Notamment le dernier, "Signé Furax" (sorti le 1er avril 1981), d'après un scénario de Pierre Dac et Francis Blanche, avec un grand nombre d'acteurs, comme Bernard Haller, Pierre Tchernia, Maurice Risch, Claude Villers, Pierre Tornade, Dany Saval, Pierre Desproges, Coluche, Jean-Pierre Darras, Michel Galabru, Jean-Marc Thibault, Roger Carel, Paul Préboist, Michel Constantin, Jean Le Poulain, Pierre Mondy, Daniel Gélin, Xavier Gélin (également coscénariste), Fanny Cottençon, Gérard Hernandez, Jean Richard, Jacques Rouland, Philippe Castelli, Henri Virlojeux, Mario David, etc. Malgré le casting exceptionnel et la renommée du titre, le film a été un échec commercial, peut-être à cause de sa sortie en pleine campagne présidentielle.

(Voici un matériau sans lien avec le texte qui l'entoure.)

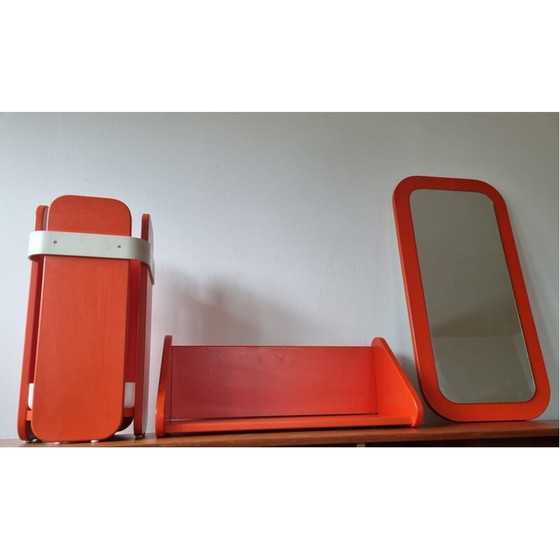 Image 1 of Vintage umbrella stand with mirror and shelf Meblo, 1970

Des années 1970 jusqu'aux années 2020, Mylène Demongeot n'a jamais disparu des écrans, tant du cinéma que de la télévision, voire de la scène du théâtre. Ses partenaires au théâtre étaient entre autres Michel Serrault, Didier Long, Jean Babilée, Daniel Auteuil, Bernard Giraudeau, etc. (« Jouer avec Giraudeau, c’est vraiment bien. Certains soirs nous atteignons une espèce de folie violente. J’aime ça. »). Elle a eu certes un énorme passage à vide après la mort de son mari en octobre 1999, le théâtre pour surnager, puis le retour au cinéma avec "36 Quai des Orfèvres" (voir plus loin).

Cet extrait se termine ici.